Listed records
------------------------

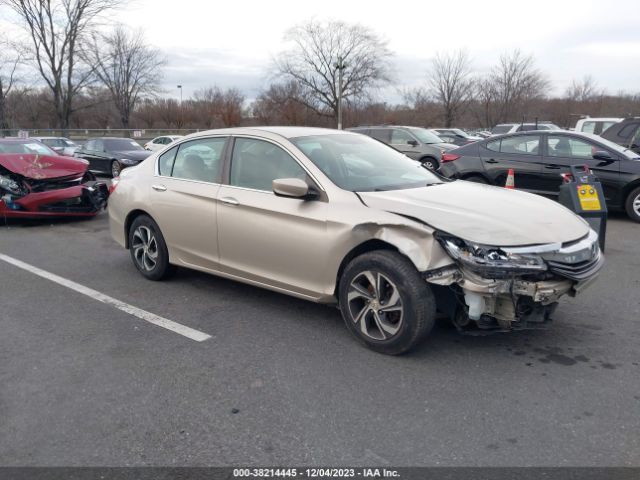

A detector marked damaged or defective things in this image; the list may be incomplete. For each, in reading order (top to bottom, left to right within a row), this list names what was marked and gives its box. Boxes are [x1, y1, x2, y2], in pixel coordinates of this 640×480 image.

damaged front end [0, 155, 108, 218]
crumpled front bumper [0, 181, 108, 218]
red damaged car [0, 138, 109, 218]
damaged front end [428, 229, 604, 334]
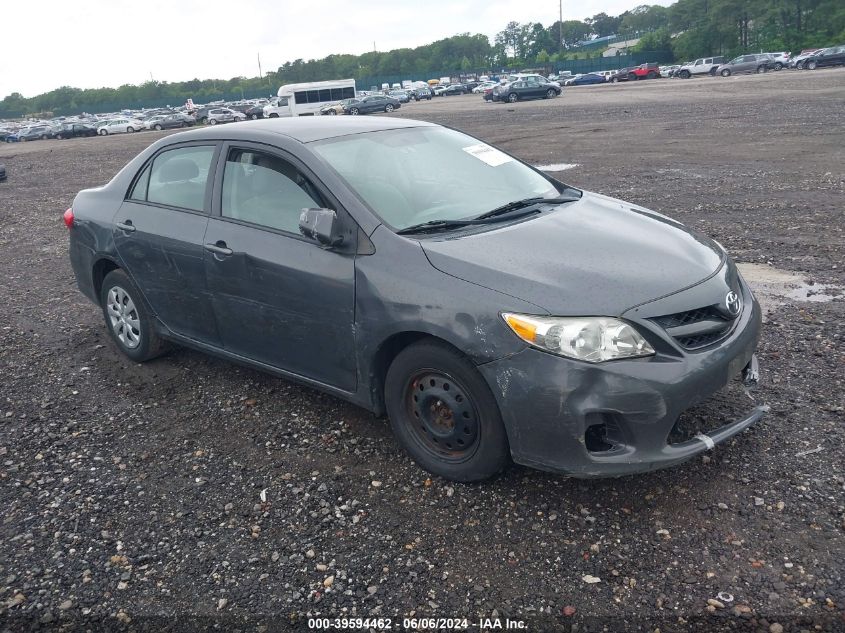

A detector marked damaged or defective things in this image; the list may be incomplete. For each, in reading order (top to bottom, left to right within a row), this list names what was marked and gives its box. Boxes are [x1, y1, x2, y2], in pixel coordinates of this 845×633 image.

------------------------

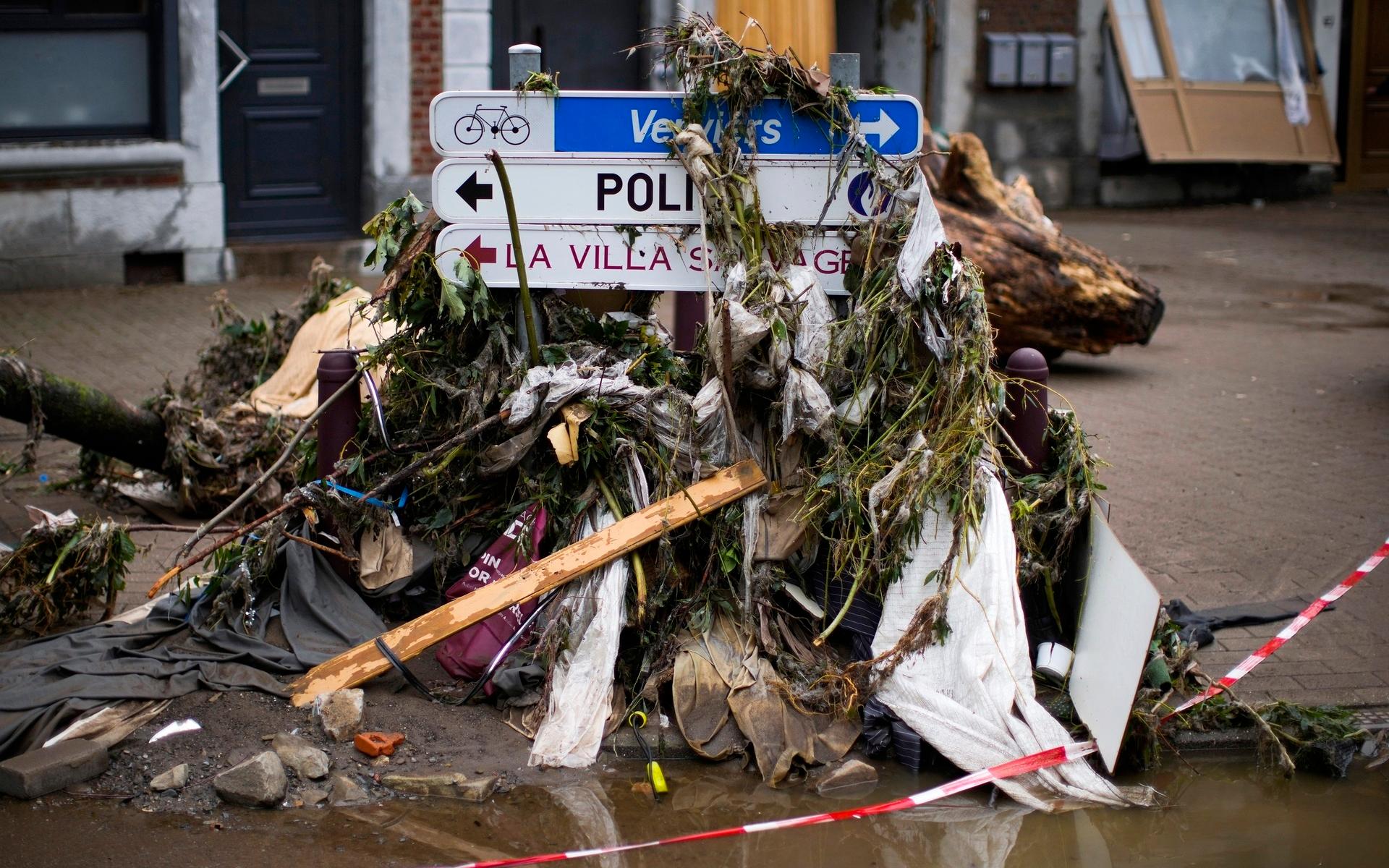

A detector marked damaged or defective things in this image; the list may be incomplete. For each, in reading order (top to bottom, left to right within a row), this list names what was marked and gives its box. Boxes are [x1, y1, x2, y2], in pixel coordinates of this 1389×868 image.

------------------------

Exercise details
In the listing above, find the line containing "this 640×480 image." and the line containing "this 845×633 image.", then output those two lines and everything between them exactly as written, without the images.

Answer box
A detector marked damaged or defective things in this image; the list may be incomplete. For each, in reading order (top to bottom, left to right within a row), this list names what was marked and gives its box. Boxes are [x1, y1, x2, y2], in pixel coordinates of this 640×480 image.

damaged front end [0, 155, 108, 218]
crumpled front bumper [0, 181, 108, 218]
red damaged car [0, 138, 109, 218]
damaged front end [428, 229, 604, 334]

A detector marked damaged or defective things in this image; the list may be incomplete. For each, in reading order (top to bottom, left to right within a row), this list names what was marked and gives its box. Boxes are [x1, y1, x2, y2], in pixel coordinates of this 845×633 image.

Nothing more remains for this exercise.